Under The Squash Vines
Vegan Recipes Shared by Nguyễn Thiên Ân
Bánh Xèo Chay: Vegan Vietnamese Savory Crepe
Ingredients:
For the batter:
1 12oz. package of Bánh Xèo flour mix
2 cups water
1 cup sparkling water or beer
1 cup full fat coconut milk
1 teaspoon turmeric powder
1 bunch chopped green onions
For the fillings:
1 block super firm tofu, cubed
1 pint sliced Shiitake mushrooms or your favorite mushrooms
1 red onion, sliced thin
1 package fresh mung bean sprouts
For the dipping sauce:
3-4 Thai chili peppers, chopped
1 bulb garlic, minced
3 tablespoons sugar
2 cups warm water
1 tablespoon vegetarian fish sauce
1 lime juice
1 tablespoon rice vinegar
For the fresh vegetables:
1 head of Romaine or green leaf lettuce
Optional: red mustard leaves, perilla leaves, mint leaves, or any kind of greens you like
Instructions:
1. To make the dipping sauce, dissolve sugar in warm water. Add all other sauce ingredients and whisk together.

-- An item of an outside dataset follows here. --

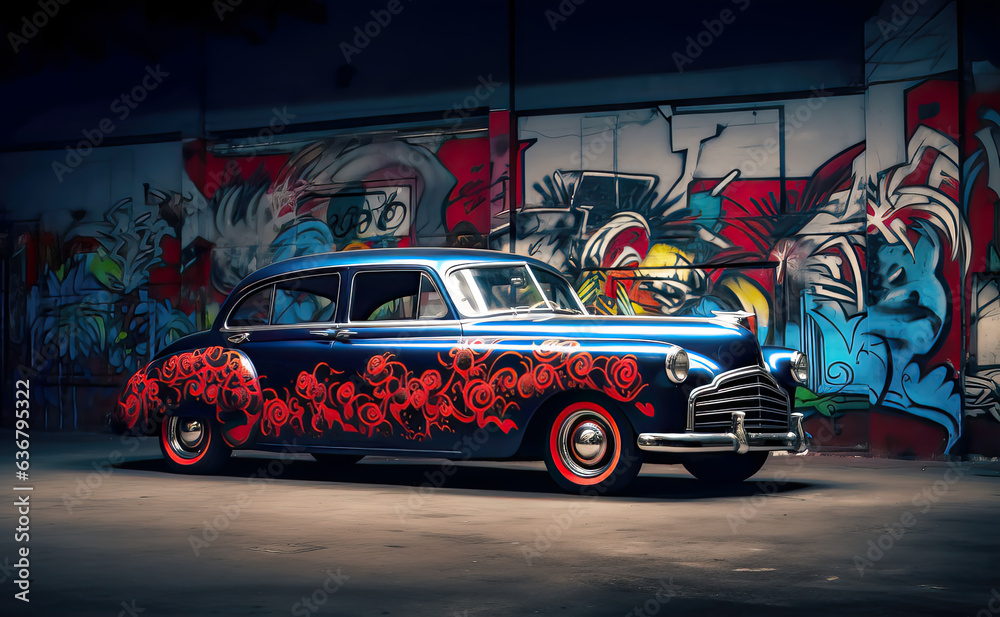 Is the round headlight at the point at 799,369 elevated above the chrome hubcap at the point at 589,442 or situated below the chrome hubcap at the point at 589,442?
above

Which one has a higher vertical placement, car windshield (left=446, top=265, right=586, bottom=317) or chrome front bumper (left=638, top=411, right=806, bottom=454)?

2. To make the batter, mix the flour and turmeric powder together. Add the water, sparkling water, coconut milk, and green onions. Whisk together. Let sit for 15 minutes.
3. Pan fry the tofu until golden brown. Instructions here.
4. In a heavy bottom frying pan (preferably a wok), coat the pan with oil and heat on high heat until smokey.
5. Add a small amount of the sliced red onion, mushrooms, mung bean sprouts, and tofu. Cook for 2 minutes. Don’t over stuff the crepe or it will break.
6. Spoon 1 ladle of the crepe batter in the pan and spread out thinly.
7. Once the crepe is cooked and crispy, fold and remove from the pan. Repeat the process to make more crepes.
8. To serve, fold crepe inside the fresh greens and dip in the dipping sauce. Enjoy!